Editorial: Combining services may save cities $$An exploratory initiative by Palo Alto, Mountain View, Sunnyvale and Los Altos to see if there are ways to save money by combining some public-safety services is such a logical step forward that one wonders why it didn't happen long ago.
Four North County cities to explore ways to combine some public-safety services to cut costs — but no big mergers in sight
The Palo Alto City Council Tuesday night approved the exploration as part of its consent calendar, usually reserved for completely non-controversial matters.
This is where this belongs. Other city councils are adopting similar resolutions.
Combining services is not new. Already the various cities have worked together on sewage treatment, waste disposal, animal services, SWAT teams and mutual aid for police and fire.
We have come a long way from the early 1970s when there was no mutual aid and there were instances of fire trucks from one jurisdiction sitting across city boundaries watching neighboring firefighters struggle with fires. This actually happened before the formerly unincorporated Barron Park area annexed to Palo Alto, when Palo Alto fire trucks parked across El Camino Real while older volunteers struggled to quell a roof fire of the Cameo Club card room on an icy early-morning. It would be unthinkable today.
"This recommendation is made understanding that difficult financial times require an even greater focus on reducing costs while maintaining or enhancing services," the Palo Alto staff report to the council states.
Palo Alto City Manager James Keene and the other managers — Kevin Duggan of Mountain View, Doug Schmitz of Los Altos and Gary Luebbers of Sunnyvale — deserve credit for initiating the exploration.
The managers have already held informal discussions and identified potential areas to explore. The Weekly reported on the discussions several months ago when just Mountain View and Los Altos managers were involved with Palo Alto. Sunnyvale joined the talks later.
Public-safety communications is a leading possibility, along with emergency planning services, on which Palo Alto has been a leading community for years but still has far to go to be really prepared for a major disaster or crisis situation.
More mundane but potentially fruitful areas include arson investigation, where one highly trained multidisciplinary team of experts might move in to conduct such investigations rather than each department developing separate investigative units. Similarly, fire-prevention efforts could be done by a roving team through several communities.
But there are other, still undefined areas the managers may explore, Keene made clear in his one-page report to the council.
"Although the previously mentioned consolidation opportunities will be the focus of the City Managers' conversations, they are in no way limited to these criteria and are expected to explore any appropriate opportunity where cooperation can result in efficiencies, cost savings for taxpayers and increased services at less cost," Keene stated.

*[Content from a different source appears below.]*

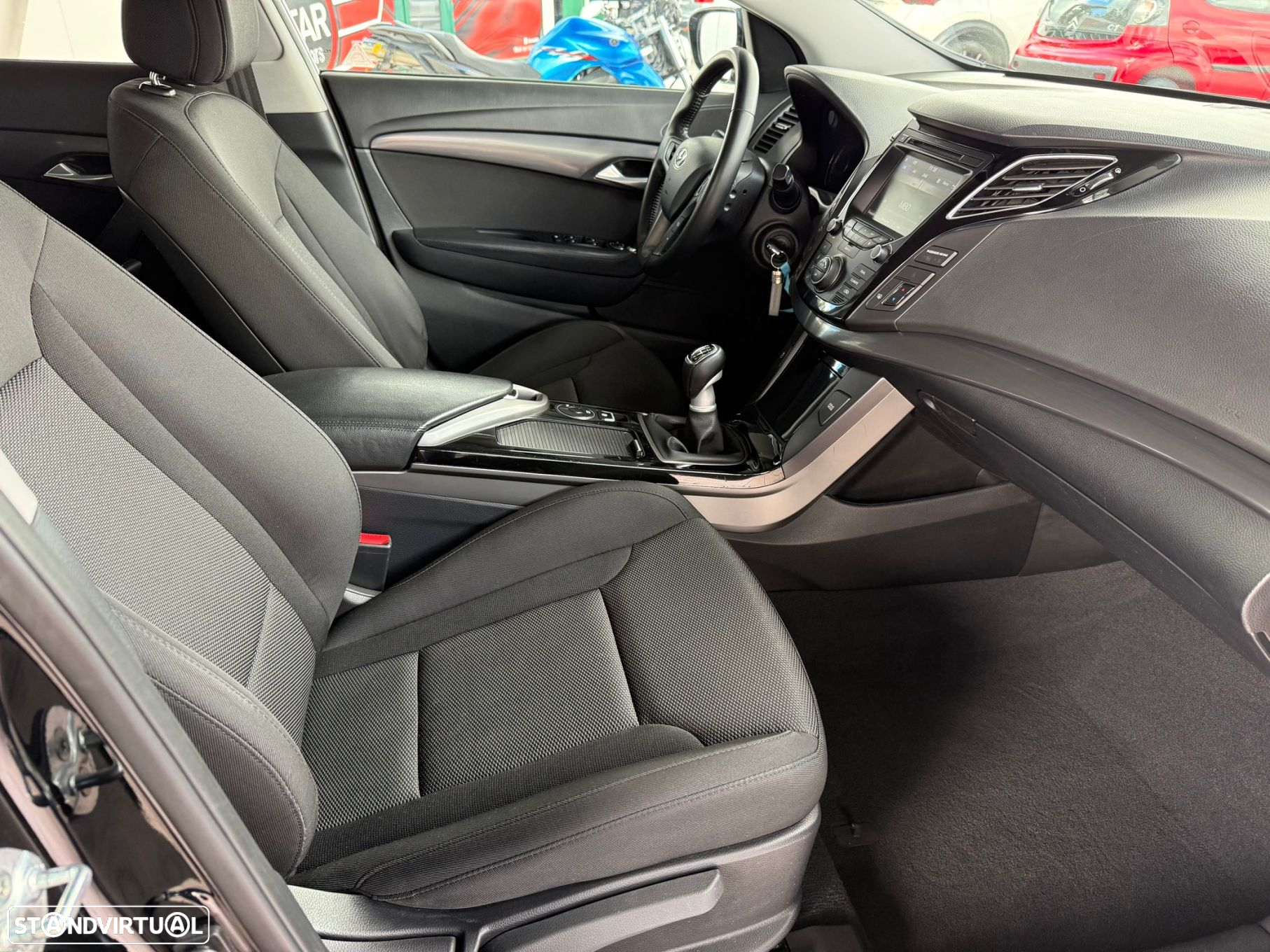 Hyundai i40 - 19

He emphasized, however, that "this is purely and exploratory process and none if it is binding."
That assurance, though intended to assuage any concerns by residents or employee unions, does give free official rein to expand on the earlier discussions.
No timeframe has been specified for returning to the respective city councils with recommendations, however. Part of that will be determined by how far the managers have gotten during their unofficial discussions.
One hopes that the group returns with some effective recommendations this spring, in time to implement before the next fiscal year begins July 1.
There are areas needing caution. Careful attention needs to be placed on whether estimated cost savings or service improvements are truly achievable.
Side effects also need to be assessed with care. The three-city waste management partnership, known as SMaRT, turned out to be a costly burden through longstanding contracts for delivering a minimum tonnage of waste to the Kirby Canyon landfill, resulting in potentially millions in penalties due to high public support of recycling efforts that reduced landfill volumes.
One might also ask whether there are other local entities, such as the Menlo Park Fire Protection District or the Menlo Park and East Palo Alto police departments, that might have areas of potentially great benefit from combining services.
But that should be a matter of one-step at a time, and we should let the existing manager-level explorations bear fruit before biting off more and possibly losing focus on solid achievements.